En ese orden, algunos términos en los que se evidencian las principales distinciones entre la alopecia y la caída de cabello estacional, son los siguientes:

  • Aspecto del pelo. Mientras que, durante la caída de cabello estacional, el pelo sigue conservando su brillo y fuerza habitual. Cuando se trata propiamente de una alopecia, el cabello empieza a lucir fino, quebradizo y apagado.
  • Densidad del cabello. Al igual que como sucede con la apariencia del cabello, en el ítem anterior. En casos de pérdida estacional, no termina de apreciarse una significativa merma de volumen capilar.
  • Zonas afectadas. La mayor parte de las alopecias, tienden a manifestarse con mayor frecuencia en la zona de la coronilla. O en la zona de las entradas. Mientras que, las caídas de cabello estacional, no se evidencian en un área concreta.

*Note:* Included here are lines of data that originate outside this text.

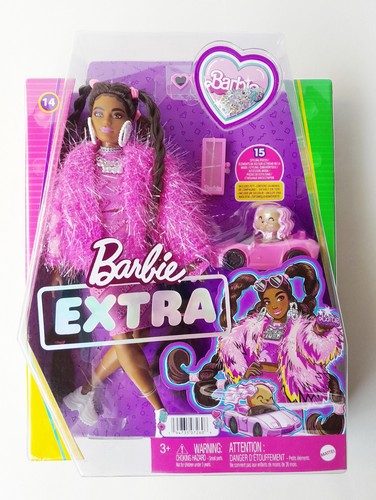 Barbie extra hhn06 - barbie, nrfb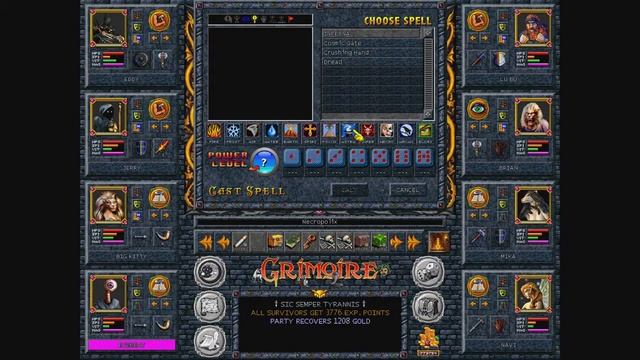 Grimoire: Heralds of the Winged Exemplar (Play35) Necropolix and Revenge on Knossos смотреть онлайн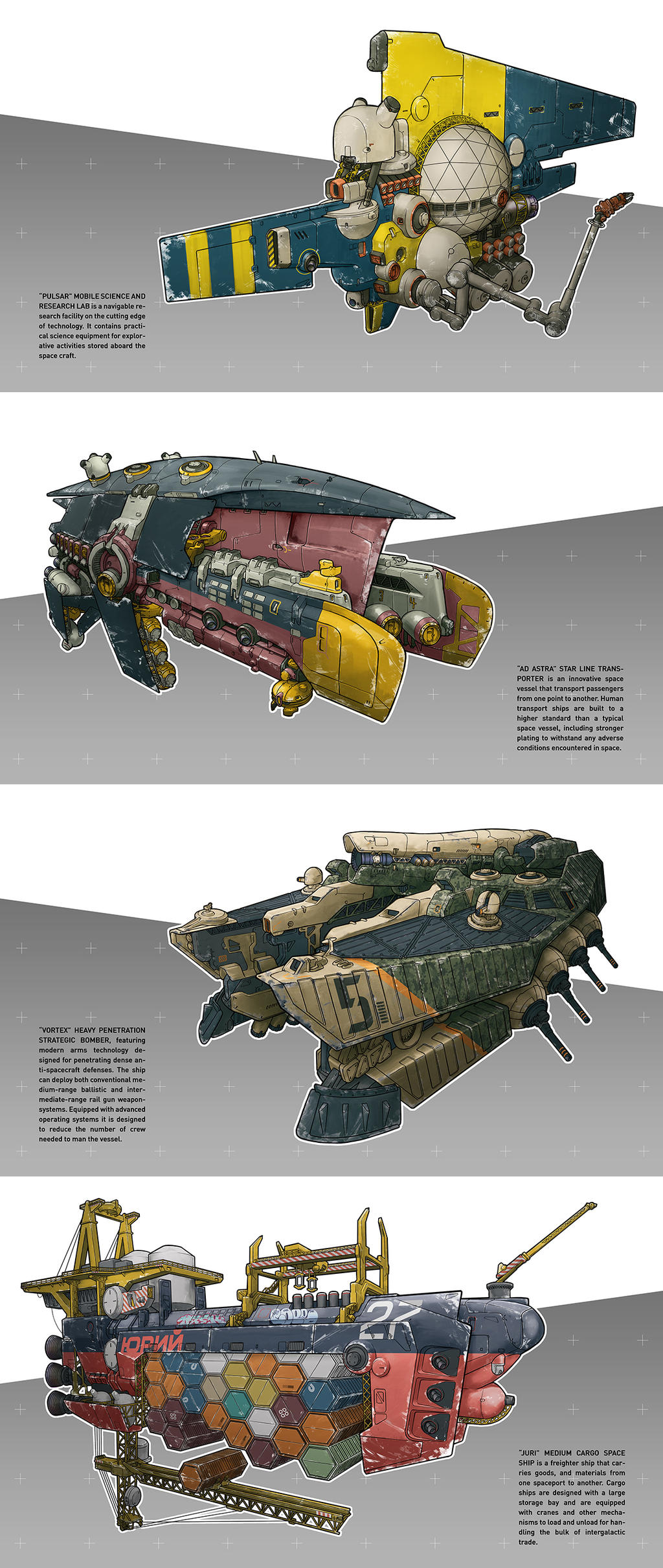 Space Invader Rocketship Design Spaceship Designs by ivan-reber on DeviantArt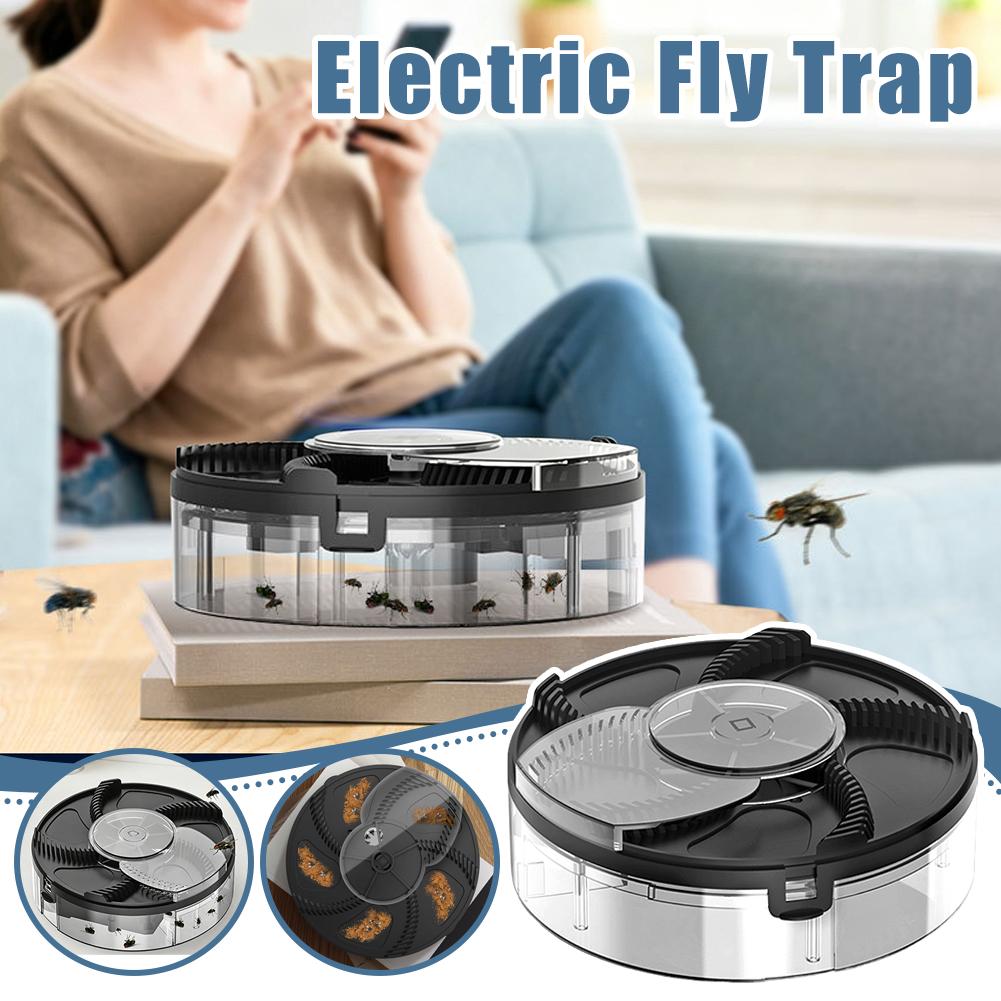 Automatic Electric Fly Trap, U – Smart Home Killer recenzja i cena
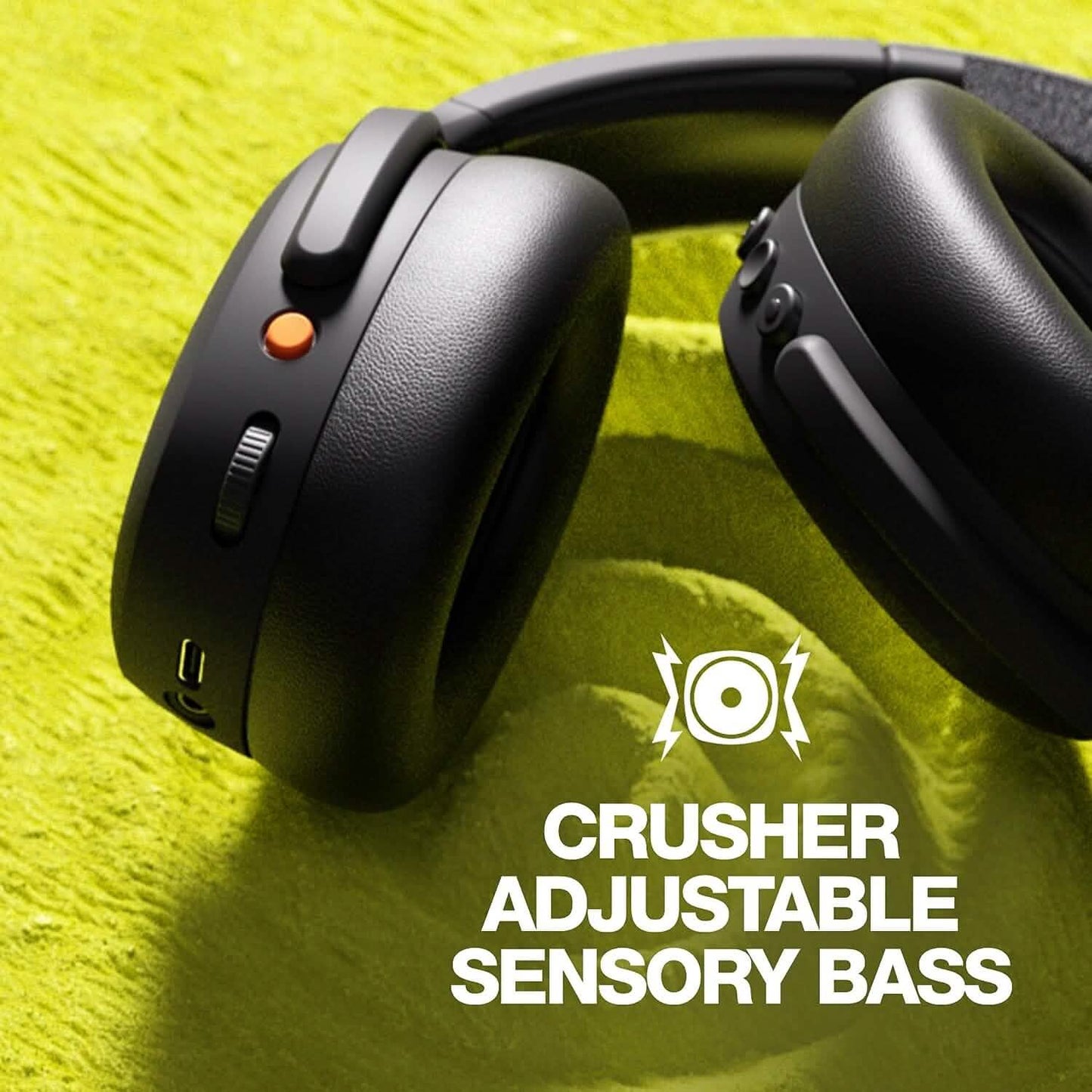 Skullcandy Crusher ANC 2 Over-Ear Noise Cancelling Wireless Headphones with Sensory Bass (Refurbished) DailySale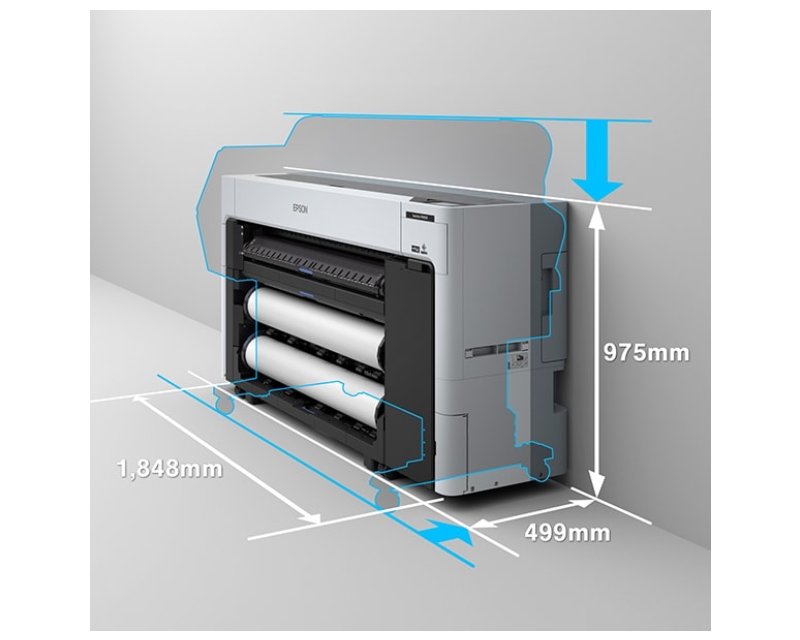 Epson Ploter Surecolor 44", SC-T7700D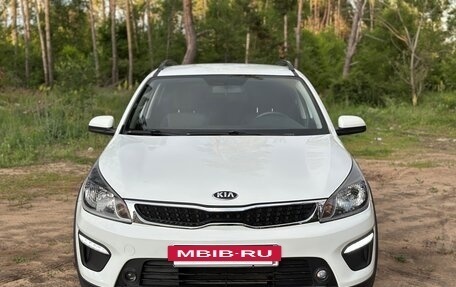 KIA Rio IV, 2018 год, 1 230 000 рублей, 8 фотография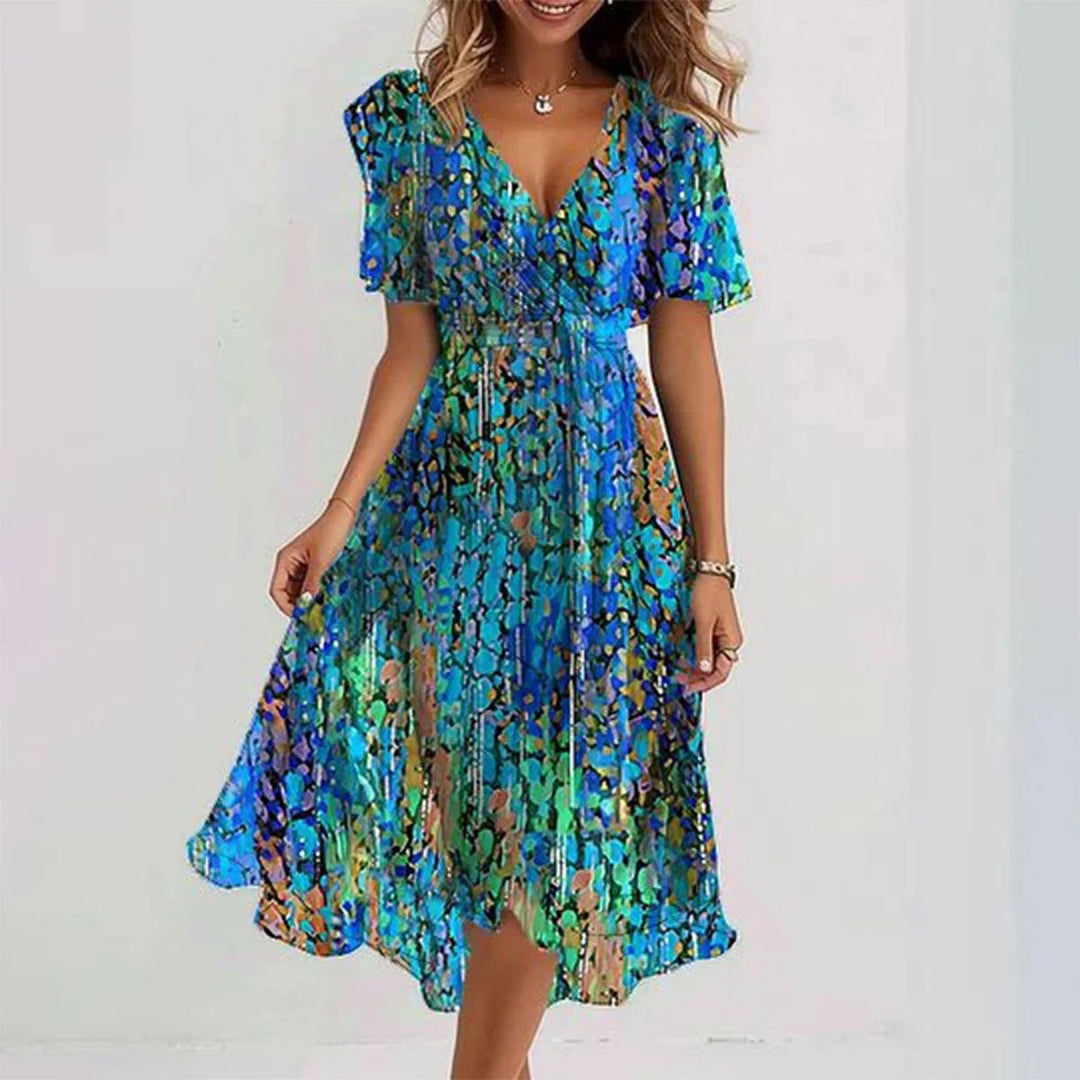 Sofia | Elegante Lente Jurk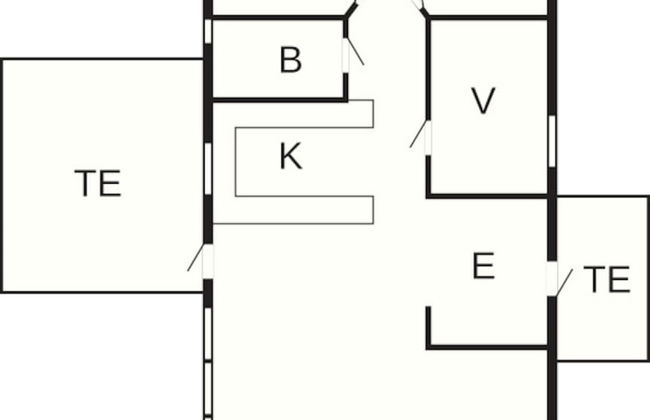 6 Person Holiday Home in Vena-by Traum - Foto 6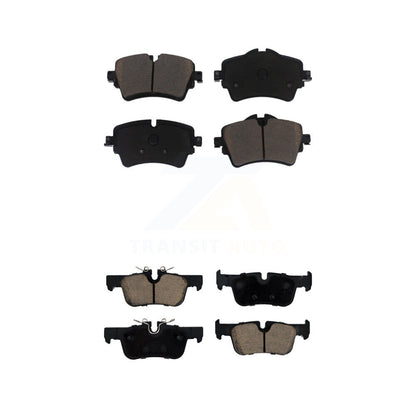 Kit de plaquettes de frein en céramique avant et arrière, pour Mini Cooper Clubman KCX-100203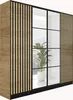 KIER FURNITURE EDEN v3 Kleiderschrank 206,4x205x39cm, 4 Produktbild-Vorschau 1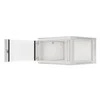 LANBERG WF01-6606-10S sieninis stovas 19 colių išmontuojamas plokščias paketas 6U/600x600mm pilka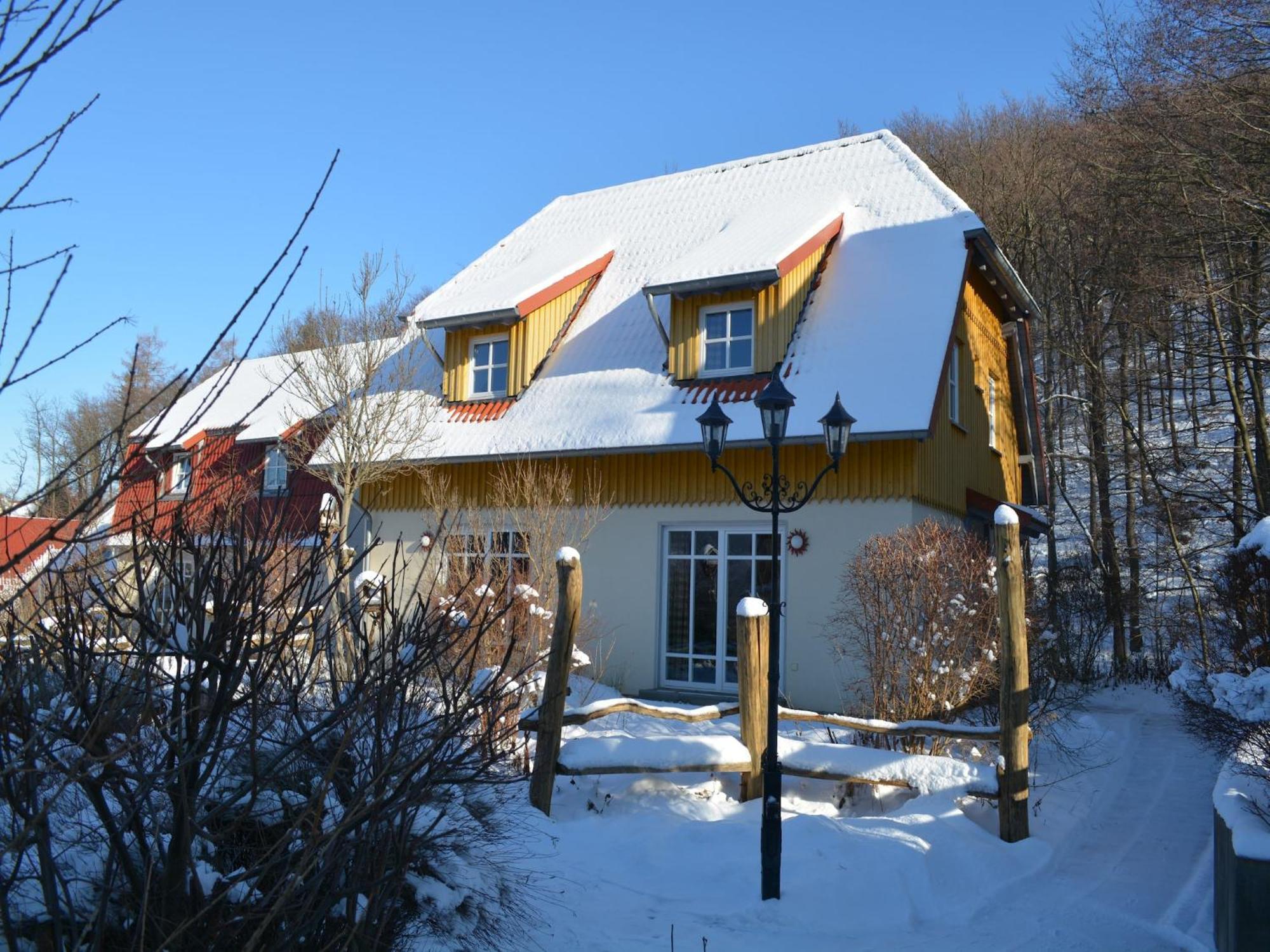 Holiday Home In Wernigerode With A Shared Pool Exterior photo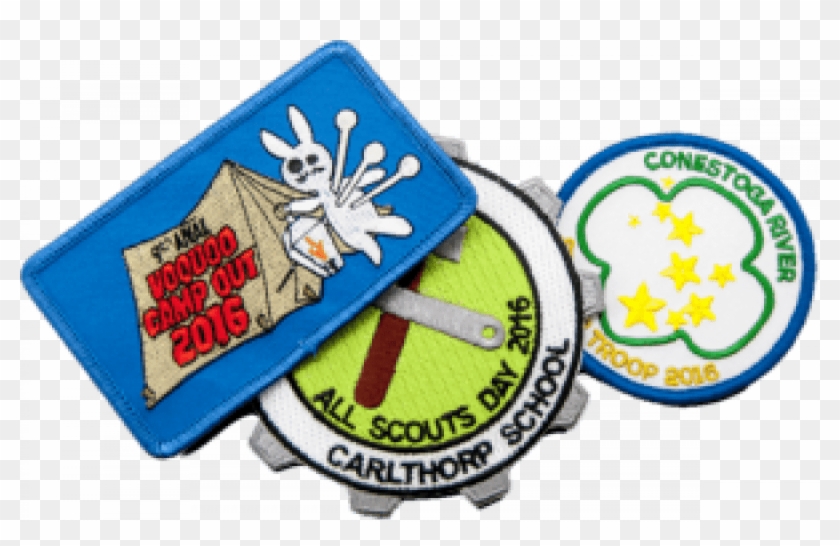Boy Scout Patch Placement Can Be Easy - Emblem Clipart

Sin embargo y pese a todas estas consideraciones. Es preciso acotar que el factor más trascendental entre ambas manifestaciones es el tiempo. Por ello, si notas que, de un momento a otro, los síntomas de la pérdida de cabello se acentúan. No dudes en ponerte en contacto con un especialista.

¿Cómo combatirla?

A pesar de que la caída de cabello en otoño o en primavera son parte de un proceso biológico casi inevitable. Hay ciertas medidas que puedes adoptar en tu día a día que te permitirán minimizar o reducir significativamente sus efectos en el cuero cabelludo. En ese orden, te presentamos algunas de las recomendaciones que más podrían ayudarte en ese objetivo:

  • Evita cepillarte el cabello cuando esté húmedo
  • Descarta el lavado del pelo con demasiada frecuencia
  • Péinate todos los días.
  • Usa champús libres de sulfatos y parabenos.
  • Lleva una dieta rica en hierro, en proteínas, en vitamina B, en aminoácidos y en antioxidantes.
  • Masajea tu cuero cabelludo con aceites esenciales.
  • Mantente bien hidratado.
  • Córtate el pelo de manera regular, especialmente las puntas.
  • Lava tu cabello únicamente con agua fría.
  • Adquiere un champú con propiedades anticaída. El champú de Vilanolab y el kit de regeneración capilar del mismo laboratorio son una extraordinaria opción.
  • Protégete del sol, de la lluvia y de la nieve.
  • Apuesta por tratamientos complementarios como mesoterapia capilar, cuando los consejos anteriores dejen de ser suficiente.